It's Mother's Day and mothers all across the country are being taken out to dinner and presented with cards, flowers, and other tokens of love and appreciation. Yesterday, at Wal-Mart, I was in line at the checkout behind a girl who looked to be about 13. She had a single rose, a bottle of perfume and a package of gum laid out in front of her. She took a wad of $1 bills from her pocket and counted them out. She had just enough to cover the gifts that she intended to give her mom.
I heard an interview the other day with mothers from different parts of the country and the common theme was that no mother thought she was perfect. They all felt that they had let down their children in one way or the other. None of them expressed that they were satisfied with their performance in their role as mother.
My mom wasn't perfect. She did a lot of things that I needed to forgive her for later. But from where I am right now in my consciousness, I believe that she was the perfect mother for me. Can you say that about your mom?

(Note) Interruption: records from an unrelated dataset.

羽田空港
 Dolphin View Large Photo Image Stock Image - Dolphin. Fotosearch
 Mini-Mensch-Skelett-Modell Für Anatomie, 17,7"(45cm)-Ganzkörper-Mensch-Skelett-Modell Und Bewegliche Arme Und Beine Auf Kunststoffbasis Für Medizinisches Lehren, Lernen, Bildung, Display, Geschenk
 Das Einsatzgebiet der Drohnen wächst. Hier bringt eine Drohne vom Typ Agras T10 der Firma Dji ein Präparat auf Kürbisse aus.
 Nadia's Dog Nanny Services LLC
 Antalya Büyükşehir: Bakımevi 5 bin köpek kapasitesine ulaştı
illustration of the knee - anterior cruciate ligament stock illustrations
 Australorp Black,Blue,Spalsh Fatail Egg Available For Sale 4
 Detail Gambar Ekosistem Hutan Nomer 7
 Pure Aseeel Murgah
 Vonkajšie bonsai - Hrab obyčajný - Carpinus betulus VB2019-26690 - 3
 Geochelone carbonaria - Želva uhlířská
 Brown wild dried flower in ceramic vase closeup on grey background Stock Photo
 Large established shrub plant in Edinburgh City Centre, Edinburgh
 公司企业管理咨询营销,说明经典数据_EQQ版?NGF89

There are two things that I believe that help me embrace this idea. One is that we do not die. Our bodies die, but our souls live on. When you believe that nothing is truly fatal and that we will live on in some form or another, whatever happens to us in this current lifetime cannot endanger the eternal nature of our souls.
The second thing I believe is that our souls choose to be born into a certain situation and body for the purpose of learning lessons and experiencing life from a different perspective from the last lifetime (yes, I believe in reincarnation). In other words, we may actually choose our own mother and father. Maybe we've been with them in other lifetimes and perhaps we have even been their parent that time around.
Not only would we choose our mother to learn lessons in our relationship with her, but perhaps we agreed to provide her with an experience that her soul needed for its spiritual evolvement.
The book, The Little Soul and the Sun by Neale Donald Walsch is a wonderful illlustration of this idea. The "Little Soul" decides that it wants to learn about the concept of forgiveness and another soul agrees to show up in its life to do something that would require the Little Soul to forgive. It helps us to see the acts of others as more of a gift to us rather than something that we might see as needing to forgive. It also can help us see that perhaps we are not the victims in life, but maybe the orchestrators of situations in our lives for our highest good (remember, we are eternal, spiritual beings having a human experience).
As you consider your own mother, whether you saw her as the most wonderful mother in the world or a woman who you would have gladly traded in for a new model, think about what you learned in your relationship with that mother. What did you learn about yourself? What spiritual growth has come from your relationship with this other soul? Who are you as a person that you wouldn't have been without her presence in your life? Can you truly acknowledge that although this woman may not have been perfect, that maybe she was the perfect mother for you to evolve spiritually and awaken to the beauty and power of your true nature? It may be a big step for you, but it can be life changing. Try working with this idea and see what happens.